On Tuesday, the Baker Ambassadors and the Chancellor's Honors Program jointly planned events to honor Constitution Day. Events were scheduled for the morning, but midday rain pushed the activities back to the evening at the Baker Center. A little rain, however, did not dissuade the students.
"We originally planned to have a booth set up to distribute copies of the Constitution and ask thought provoking questions about it," said Charleigh Cagle, junior in political science. The evening plans included voter registration, signing the Constitution and a guest speaker.
Constitution Day is a federal observance memorializing the signing of the United States Constitution on September 17, 1787. Schools around the country use the day to raise awareness about the Constitution and its history. Since 2004, when the day became a national observance, thousands of young people have learned more about one of the most important founding documents of their country.

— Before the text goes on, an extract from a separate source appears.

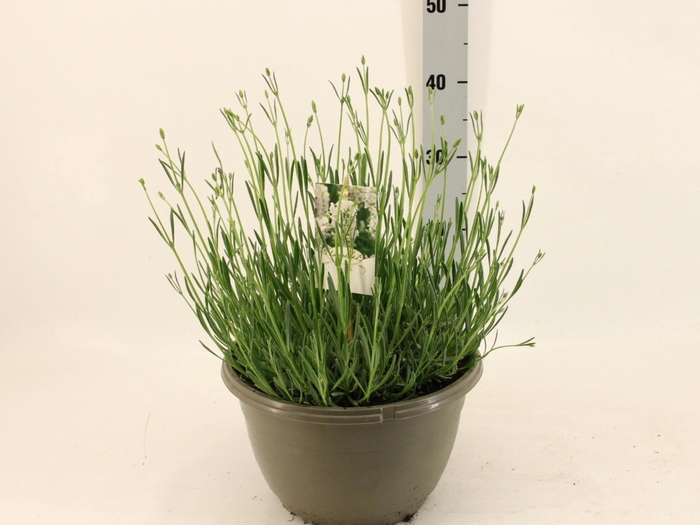 <h4>LAVAN IN EDELWEISS</h4>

Abigail McKamey, junior in the College Scholars program, said that it is important for citizens to understand their Constitution.
"It is a document that affects us all, and it will continue to be in our lives because it has stood the test of time," she said.
"It is a testament to the power and veracity of the document."
Next to a table where the Constitution was displayed, another table offered voter registration forms. The Ambassadors and Honors students made it a priority to register students to vote. Most young people associate greater responsibilities and careers with adulthood, but the students present believed voting is a vital facet of citizenship, too.
"It is the first time that many students are voting and it's important for them to get involved in the process," said Aaron McClellan, senior in civil engineering.
Cagle agreed, adding that students should start voting now, making it a lifelong habit.
Although many students express reservations about voting in a state that is considered a pre-determined conservative victory, McKamey believes that the vote means more than the election for which it is cast.
"It is easy in a conservative state to feel like your vote may not have an impact on the election," said McKamey, "but when you vote, your vote becomes a part of history."
Students were also encouraged to sign a copy of the Constitution.
"We started signing the Constitution two years ago to show support for the Constitution and for America," said Cagle.
The signing of America's foundational document was more than just an individual gesture.
"We're sending a big message to everyone who sees it: that we're behind our country and we're behind the Constitution," said McKamey.
The evening concluded with a talk given by Dr. Ted Brown, a professor in the political science department. His talk focused on the importance of the Constitution as a living document that was intentionally written in vague terms. The drafters of the document wrote it this way so that it could be reinterpreted by subsequent generations.
"At 225 years old," said Brown, "the U.S. Constitution is the oldest constitution in the world today."